Task item:
From first line to last, give the material again unchanged.

== Data excerpts

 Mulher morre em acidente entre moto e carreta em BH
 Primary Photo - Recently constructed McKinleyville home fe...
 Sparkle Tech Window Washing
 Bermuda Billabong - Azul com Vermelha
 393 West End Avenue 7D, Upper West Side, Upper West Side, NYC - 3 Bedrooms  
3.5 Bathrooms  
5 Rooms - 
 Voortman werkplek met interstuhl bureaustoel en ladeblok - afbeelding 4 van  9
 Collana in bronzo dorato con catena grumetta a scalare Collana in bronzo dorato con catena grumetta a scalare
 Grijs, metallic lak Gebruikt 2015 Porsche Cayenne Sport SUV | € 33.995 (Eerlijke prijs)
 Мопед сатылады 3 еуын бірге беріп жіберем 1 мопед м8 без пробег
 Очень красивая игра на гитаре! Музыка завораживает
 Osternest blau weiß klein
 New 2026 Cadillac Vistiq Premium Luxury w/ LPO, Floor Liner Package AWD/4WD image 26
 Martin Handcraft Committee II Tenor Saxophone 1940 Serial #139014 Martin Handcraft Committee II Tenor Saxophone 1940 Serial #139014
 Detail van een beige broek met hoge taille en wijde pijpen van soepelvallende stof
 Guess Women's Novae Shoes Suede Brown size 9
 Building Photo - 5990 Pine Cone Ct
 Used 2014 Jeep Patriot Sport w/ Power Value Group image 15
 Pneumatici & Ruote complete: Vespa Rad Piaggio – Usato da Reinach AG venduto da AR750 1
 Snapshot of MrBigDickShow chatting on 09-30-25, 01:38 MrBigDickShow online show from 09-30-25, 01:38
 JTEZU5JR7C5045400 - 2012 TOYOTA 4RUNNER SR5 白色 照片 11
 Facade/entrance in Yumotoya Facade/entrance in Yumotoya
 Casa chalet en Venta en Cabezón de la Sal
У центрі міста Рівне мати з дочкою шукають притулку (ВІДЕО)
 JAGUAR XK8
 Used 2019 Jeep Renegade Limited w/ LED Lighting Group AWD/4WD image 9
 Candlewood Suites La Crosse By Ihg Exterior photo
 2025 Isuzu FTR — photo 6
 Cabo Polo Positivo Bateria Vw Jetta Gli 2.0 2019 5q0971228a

====

Exercise solution:
 Mulher morre em acidente entre moto e carreta em BH
 Primary Photo - Recently constructed McKinleyville home fe...
 Sparkle Tech Window Washing
 Bermuda Billabong - Azul com Vermelha
 393 West End Avenue 7D, Upper West Side, Upper West Side, NYC - 3 Bedrooms  
3.5 Bathrooms  
5 Rooms - 
 Voortman werkplek met interstuhl bureaustoel en ladeblok - afbeelding 4 van  9
 Collana in bronzo dorato con catena grumetta a scalare Collana in bronzo dorato con catena grumetta a scalare
 Grijs, metallic lak Gebruikt 2015 Porsche Cayenne Sport SUV | € 33.995 (Eerlijke prijs)
 Мопед сатылады 3 еуын бірге беріп жіберем 1 мопед м8 без пробег
 Очень красивая игра на гитаре! Музыка завораживает
 Osternest blau weiß klein
 New 2026 Cadillac Vistiq Premium Luxury w/ LPO, Floor Liner Package AWD/4WD image 26
 Martin Handcraft Committee II Tenor Saxophone 1940 Serial #139014 Martin Handcraft Committee II Tenor Saxophone 1940 Serial #139014
 Detail van een beige broek met hoge taille en wijde pijpen van soepelvallende stof
 Guess Women's Novae Shoes Suede Brown size 9
 Building Photo - 5990 Pine Cone Ct
 Used 2014 Jeep Patriot Sport w/ Power Value Group image 15
 Pneumatici & Ruote complete: Vespa Rad Piaggio – Usato da Reinach AG venduto da AR750 1
 Snapshot of MrBigDickShow chatting on 09-30-25, 01:38 MrBigDickShow online show from 09-30-25, 01:38
 JTEZU5JR7C5045400 - 2012 TOYOTA 4RUNNER SR5 白色 照片 11
 Facade/entrance in Yumotoya Facade/entrance in Yumotoya
 Casa chalet en Venta en Cabezón de la Sal
У центрі міста Рівне мати з дочкою шукають притулку (ВІДЕО)
 JAGUAR XK8
 Used 2019 Jeep Renegade Limited w/ LED Lighting Group AWD/4WD image 9
 Candlewood Suites La Crosse By Ihg Exterior photo
 2025 Isuzu FTR — photo 6
 Cabo Polo Positivo Bateria Vw Jetta Gli 2.0 2019 5q0971228a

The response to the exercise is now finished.